Source data:

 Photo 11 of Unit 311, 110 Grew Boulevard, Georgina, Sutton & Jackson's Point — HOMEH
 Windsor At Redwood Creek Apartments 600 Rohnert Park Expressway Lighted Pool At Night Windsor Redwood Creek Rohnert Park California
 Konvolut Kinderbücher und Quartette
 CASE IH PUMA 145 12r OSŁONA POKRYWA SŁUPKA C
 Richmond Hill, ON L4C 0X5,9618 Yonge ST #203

Your objective: Every line above should be transcribed exactly.

Response to the exercise:
 Photo 11 of Unit 311, 110 Grew Boulevard, Georgina, Sutton & Jackson's Point — HOMEH
 Windsor At Redwood Creek Apartments 600 Rohnert Park Expressway Lighted Pool At Night Windsor Redwood Creek Rohnert Park California
 Konvolut Kinderbücher und Quartette
 CASE IH PUMA 145 12r OSŁONA POKRYWA SŁUPKA C
 Richmond Hill, ON L4C 0X5,9618 Yonge ST #203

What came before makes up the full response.